Singkat cerita, dalam jangka waktu pendek program yang digulirkan oleh Presiden Johnson tersebut terbilang berhasil. Keberhasilan tersebut membuat masyarakat AS semakin mendukung pemerintahan Johnson. Namun demikian, dukungan tersebut mulai melemah pada tahun 1966 dikarenakan banyak program yang kekurangan dana dan beberapa di antaranya tidak memenuhi harapan.
Pada saat itu, beberapa kalangan liberal yang berada di belakang Johnson menilai bahwa program The Great Society merupakan program pemborosan anggaran tanpa hasil maksimal. Selain itu, banyak ide dari program Johnson yang tidak disepakati oleh beberapa kalangan liberal sehingga memunculkan perselisihan di antara mereka. Kalangan liberal (calon neokons) lebih senang mengusung ide tentang kebebasan hak warga sipil serta integrasi sosial dan persamaan hak. Perlu diketahui bahwa penentang program Johnson merupakan beberapa tokoh intelektual berpengaruh, seperti Irving Kristol, Norman Podhoretz, dan Jeane Kirkpatrick. Maka atas dasar itu, tokoh-tokoh liberal yang berbeda haluan dengan kubu Johnson akhirnya bereksodus ke kubu konservatif dan inilah cikal bakal neokonservatif muncul.

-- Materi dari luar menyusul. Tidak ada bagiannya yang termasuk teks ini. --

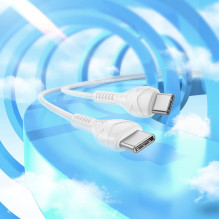 USB C laidas į USB C Hoco PD 60W 1 m X37 baltas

Prinsip pemikiran yang digunakan oleh para neokons banyak berpijak pada pemikiran filsafat politik Chicago University yang merupakan imigran Yahudi Jerman, Leo Strauss (1899-1973). Kenneth Weinstein memandang Strauss the philosopher king dari gerakan neokonservatif (Weinstein dan Stelzer, 2004). Namun demikian, Staruss bukanlah seorang neokonservatif, ia merupakan konservatif tulen yang mempengaruhi para neokons.

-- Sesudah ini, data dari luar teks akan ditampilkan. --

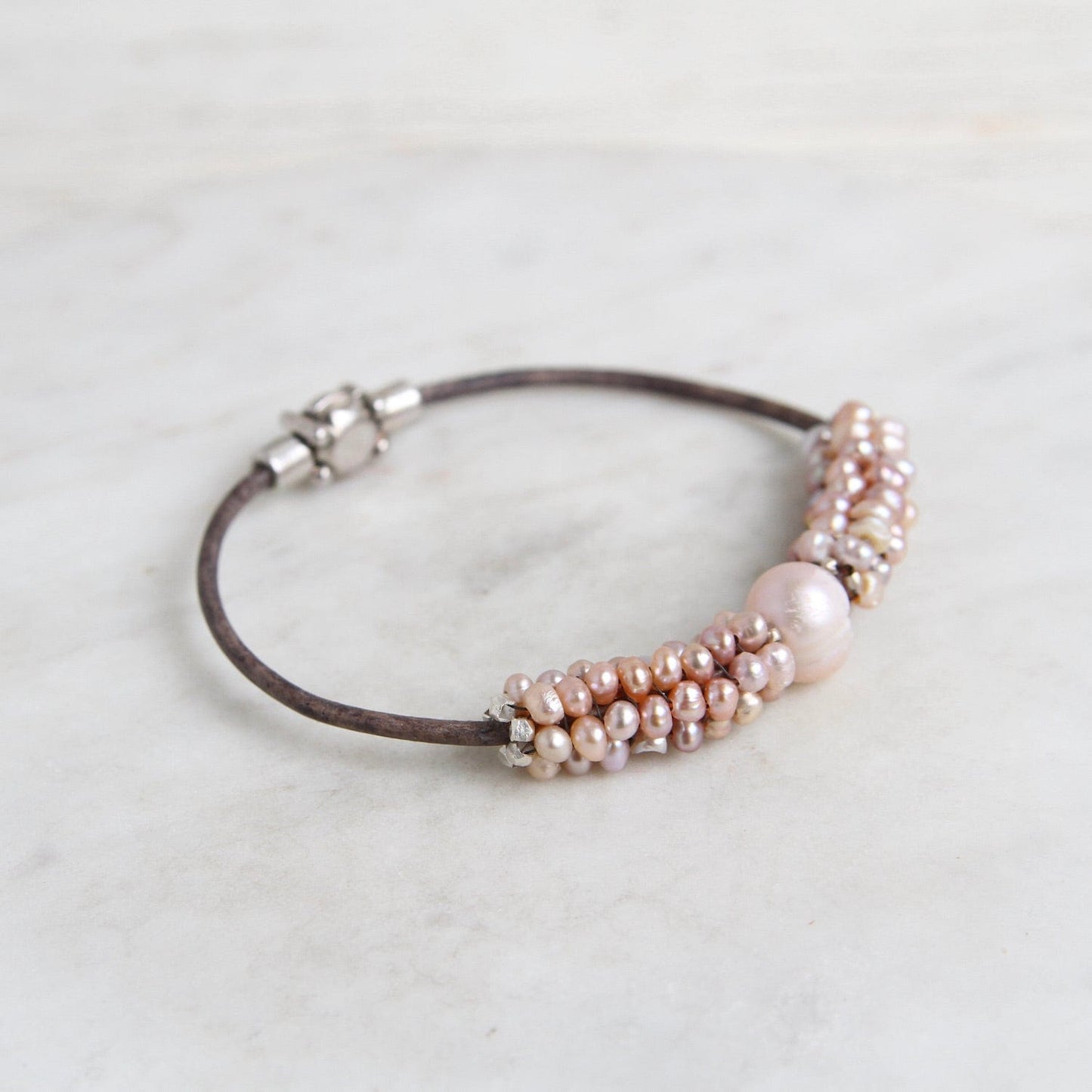 BRC-JM Hand Stitched Pale Pink Pearl Bracelet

Semasa hidupnya Strauss sebenarnya tidak pernah ikut dalam gerakan politik, namun banyak muridnya, seperti Kristol, Podhoretz, Kirkpatrick, Martin Diamon, serta para pengikutnya yakini Paul Wolwofitz, Abraham Shulsky dan Charnes Lord yang terpengaruh oleh pemikirannya. Menurut Weinstein dan Stelzer (2004), Staruss memandang dirinya sebagai teman dari demokrasi liberal, bagi dirinya demokrasi libreal merupakan sistem pemerintahan terbaik yang dapat direalisasikan. Ia menilai bahwa demokrasi liberal adalah satu-satunya alternatif bagi manusia modern dan AS dilihat oleh Staruss sebagai republik demokrasi. Starus juga amat benci akan paham komunisme (Kristol, 1995).
Tokoh lain yang pemikirannya dijadikan rujukan oleh kelompok neokonservatif adalah Leo Trotsky (1879-1940), intelektual sosialis Uni Soviet ini merupakan tokoh penting dalam persitiwa Revolusi Bolsheviks yang menggulingkan Tsar Rusia pada Oktober 1917. Dalam peristiwa tersebut, Trotsky bersama Lenin meggerakkan dan mengorganisasi Red Army untuk menjatuhkan Tsar Nicholas dari tampuk kekuasaannya. Trotsky bercita-cita untuk menyebarkan komunisme ke seantero dunia, namun cita-cita tersebut berantakan saat Stalin memimpin Uni Soviet.
Pada masa kepemimpinan Stalin, Soviet terisolasi dari pergaulan dunia yang imbasnya membuat keadaan ekonomi negara itu terpuruk. Situasi tersebut diperparah lagi dengan upaya elit birokrat untuk mengontrol masyarakat kelas pekerja. Bagi Trotsky, apa yang dilakukan oleh Stalin telah melenceng jauh dari tujuan Revolusi Oktober. Oleh karena itu, ia menentang rezim Stalin sehingga dipandang anti-Stalin.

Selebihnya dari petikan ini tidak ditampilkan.